Saat ini pengaturan BUMD tunduk di bawah rezim Undang-Undang Nomor 23 Tahun 2014 tentang Pemerintahan Daerah, yang berimplikasi pada pencabutan Undang-Undang 5 Tahun 1962. Di dalam UU Pemda, disebutkan bahwa badan hukum BUMD dapat berbententuk Perusahaan Umum Daerah (Perumda) atau Perseroan Daerah (Perseroda). Dari segi penyertaan modal, tidak ada perbedaan antara Perumda dan Perseroda, yaitu dapat bersumber dari penyertaan modal daerah, pinjaman, hibah, dan sumber modal lainnya.
Dilihat dari perspektif kepemilikan sahamnya, modal Perumda tidak terbagi oleh saham dan dimiliki seluruhnya oleh satu Pemerintah Daerah, dan jika kepemilikan Perumda tersebut terbagi dengan Pemerintah Daerah lain, maka bentuk Perumda harus diubah menjadi Perseroda. Sedangkan modal Perseroda terbagi atas saham, dan kepemilikan saham mayoritas harus dimiliki oleh satu daerah sebesar 51%. Setelah pembentukan Perseroda ditetapkan melalui perda, kemudian pembentukan badan hukum dari perseroda tunduk dengan undang-undang perseroan terbatas.

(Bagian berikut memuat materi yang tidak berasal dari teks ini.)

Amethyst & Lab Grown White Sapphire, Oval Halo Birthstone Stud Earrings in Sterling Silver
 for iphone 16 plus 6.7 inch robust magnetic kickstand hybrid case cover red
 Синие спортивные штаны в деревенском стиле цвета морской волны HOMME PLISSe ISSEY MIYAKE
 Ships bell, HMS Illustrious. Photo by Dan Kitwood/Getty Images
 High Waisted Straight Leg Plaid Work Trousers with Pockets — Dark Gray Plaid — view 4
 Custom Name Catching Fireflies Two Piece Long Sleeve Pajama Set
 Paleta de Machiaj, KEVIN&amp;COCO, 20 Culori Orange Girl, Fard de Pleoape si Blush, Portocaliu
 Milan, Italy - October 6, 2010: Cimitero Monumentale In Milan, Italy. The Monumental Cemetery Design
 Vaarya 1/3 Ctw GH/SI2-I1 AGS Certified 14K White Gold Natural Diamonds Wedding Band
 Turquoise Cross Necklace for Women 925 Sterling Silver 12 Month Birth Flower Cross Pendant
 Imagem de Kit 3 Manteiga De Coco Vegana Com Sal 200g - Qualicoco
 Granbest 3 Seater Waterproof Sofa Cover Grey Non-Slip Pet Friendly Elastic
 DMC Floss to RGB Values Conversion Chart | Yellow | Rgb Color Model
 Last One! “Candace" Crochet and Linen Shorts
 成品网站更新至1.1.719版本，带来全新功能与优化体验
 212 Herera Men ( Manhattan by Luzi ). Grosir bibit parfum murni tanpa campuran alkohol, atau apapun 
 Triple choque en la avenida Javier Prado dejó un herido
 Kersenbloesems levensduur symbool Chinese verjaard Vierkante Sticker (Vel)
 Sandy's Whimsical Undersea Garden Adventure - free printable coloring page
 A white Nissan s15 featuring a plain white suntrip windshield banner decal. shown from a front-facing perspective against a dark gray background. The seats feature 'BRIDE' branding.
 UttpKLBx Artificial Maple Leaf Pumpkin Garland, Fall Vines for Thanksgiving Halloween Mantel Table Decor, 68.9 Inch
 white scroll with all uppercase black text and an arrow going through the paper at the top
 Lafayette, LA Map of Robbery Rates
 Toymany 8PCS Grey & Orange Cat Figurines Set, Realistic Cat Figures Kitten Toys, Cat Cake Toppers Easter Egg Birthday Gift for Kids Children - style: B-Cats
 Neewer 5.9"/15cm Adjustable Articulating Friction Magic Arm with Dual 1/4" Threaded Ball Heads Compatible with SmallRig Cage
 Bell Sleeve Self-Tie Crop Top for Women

Diatur lebih lanjut melalui Peraturan Pemerintah Nomor 54 Tahun 2017 tentang Badan Usaha Milik Daerah bahwa terdapat perbedaan posisi Kepala Daerah antara BUMD yang berbentuk Perumda dan Perseroda. Jika di dalam Perumda, Kepala Daerah berkedudukan sebagai pemilik modal sedangkan di dalam Perseroda Kepala Daerah berkedudukan sebagai Pemegang Saham. Kebijakan pemilihan bentuk badan hukum antara Perumda dan Perseroda dapat didasarkan pada pertimbangan bahwa pembentukan perumda diprioritaskan dalam rangka menyelenggarakan kemanfaatan umum berupa penyediaan barang dan/atau jasa yang bermutu bagi pemenuhan hajat hidup masyarakat sesuai kondisi, karakteristik dan potensi Daerah yang bersangkutan.